Saturday, January 19, 2008

Computers in Chess (The Beginning)

For me the beginning was in 1983 and the release of the Atari 800XL home computer. At the time I was working at Vincennes University and had had access to a main frame computer with teletype stile terminals. It had no chess programs and the Internet was just a baby. Connecting only a few universities and libraries. The Atari 800XL however had a monitor, floppy disk drive, and loadable programs that included. A word processor, a database and at least two available chess programs. (Sargon, Chessmaster)

At the time I was still playing in over the board chess tournaments and was the faculty sponsor of the universities chess club. As I began to play more correspondences chess I saw the potential of keeping these games organized in the meager database capabilities of these early chess programs. The chess engines themselves where not yet a factor in correspondents chess as they lacked the strength to be of any help in positional analyses.

I suppose, I did not foresee in those early days that programs using minimax algorithms (decision making equations in a zero sum games) would ever be strong enough to challenge the best human players. I believed the way to go was vast databases of games that would be searched for the winning move in any given position.
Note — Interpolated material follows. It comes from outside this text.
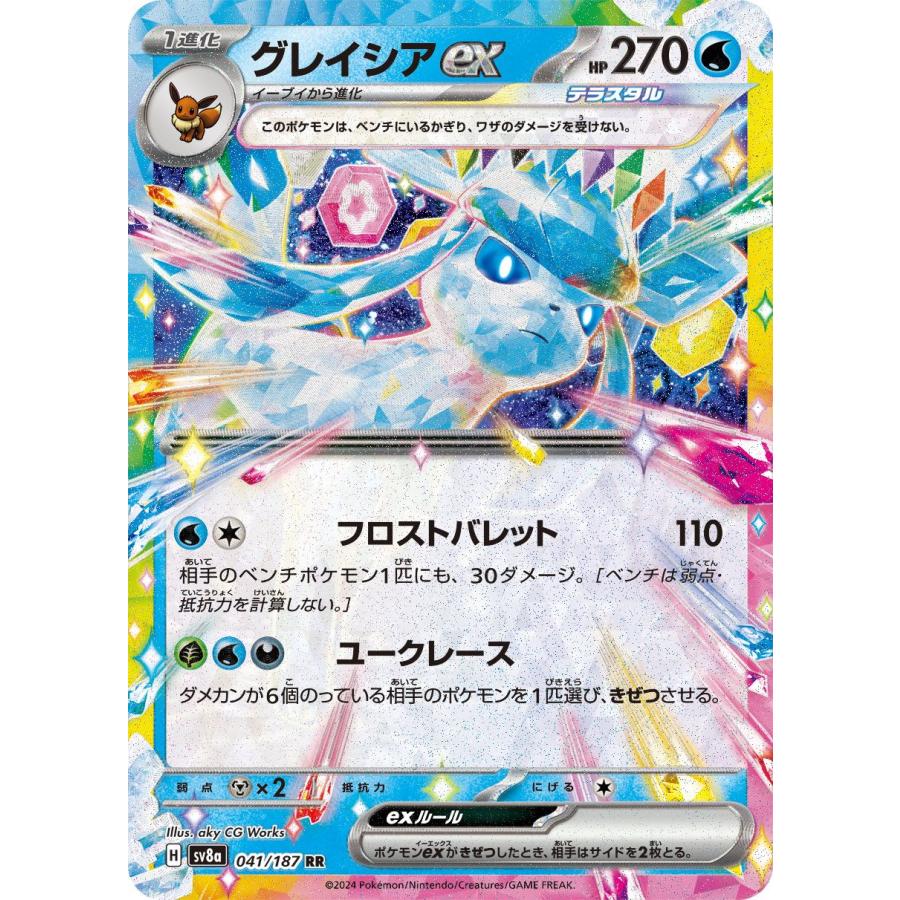 ポケモンカードゲーム ポケモンカード sv8a ハイクラスパック テラス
In the early 80s CPU power and data storage were expanding exponentially.

Even on the Atari 800XLs 64K floppy disk many hundreds of games could be stored. I spent hours entering GM games mostly from the Chess Informant that I subscribed to. These key GM games in the lines that I played in correspondence chess were invaluable in getting my postal (as we called it back then) ELO above 2100 and keep it there for many years.

I smile now when I think of those days. My entire collection of games where no more than 900Kb in size. Today in modern engine vs. engine play I use opening books that are 200-300Mb and end game table bases that are 150Gb in size. It is still not enough, perhaps it never will be.